Some companies will clearly benefit from these reforms but others may find their IP risk profile changes in an adverse manner.

From illegal entities:

Here I refer to the activities of illegal entities like hackers and counterfeiters, posing major IP risks to many companies.

Hackers are generally external individuals, criminal gangs or even Government sponsored entities whose sole objective is to gain illegal access to the company’s computer infrastructure, with the intention of committing a crime such as the theft of confidential information or trade secrets. Companies that become victims of online espionage are often not aware of any loss until it is far too late. Cyber experts estimate that every company utilizing a computer network is actually being attacked by hackers, who are continuously probing for weaknesses.

Counterfeit goods can include fake designer clothes, bags, watches, accessories and perfumes as well as pirate DVDs, CDs, smartphones and computer games. They can also include medicines and components of automobiles and aircraft. The size of the problem posed by counterfeiters is staggering. According to FBI, Interpol, World Customs Organization and International Chamber of Commerce estimates, roughly 7-8% of world trade every year is in counterfeit goods. That is the equivalent of as much as $512 billion in global lost sales.

IP theft poses a risk to all industry sectors; those most commonly affected by IP theft are manufacturing, consumer goods, technology, software, and biotechnology, including pharmaceuticals. Having personally attended some events organized by Customs officials and Trading Standards Officers here in the UK, I am absolutely shocked by some of the counterfeit goods which they have seized.

From the organization’s own network of IP Service & Solution Providers:

Involving an external IP Firm or IP Service Provider into a company’s IP operations basically means buying certain work results from third parties. Subcontract work is normally based on the company’s specifications and requirements but, the company, and the external IP Firm or IP Service Provider may also compile specifications together.
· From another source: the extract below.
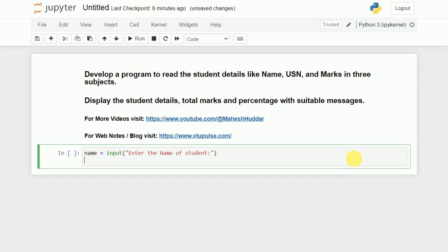The second one is we need to read the USN. So I will take one variable called usn, which is equivalent to input of 'enter the USN of the student'.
This is a better approach as it enables the external entity to contribute based on their skills, competencies and knowledge.

There are many reasons to subcontract work to an external IP Firm or IP Service Provider. Outsourcing may increase the flexibility of the company’s in-house IP in terms of resourcing, leading to faster response times and wider overall opportunities when the competence and capacity pool is expanded. The company may wish to focus its limited in-house IP resources on what it considers to be core activities, critical cases or key competence areas.

Some or all of the tasks of a typical in-house IP function can be subcontracted to external IP Firms or IP Service Providers. The management of external IP Firms or IP Service Providers is, in many ways, very similar to the management of in-house IP resource. It is all about fact-based management and values-based leadership.

Subcontracting to an external entity is not always easy. Yes it can bring tremendous value but it can also bring risks.

Final thoughts:

IP risk management is about ensuring that the business really understands its IP related risks, and then mitigates pro-actively. The rationale for this may be driven by the need for freedom to use technologies already in use or being considered for use in the company’s products, but there are many other reasons why businesses need to take IP risk management seriously.

Truly understanding the origins of many of the IP risks facing a company is a key aspects of proper and professional IP risk management.

Finally it is important not to underestimate or exaggerate the risks associated with IP. As IP relates to innovation and creativity, it can sometimes be an emotive subject and some care is needed.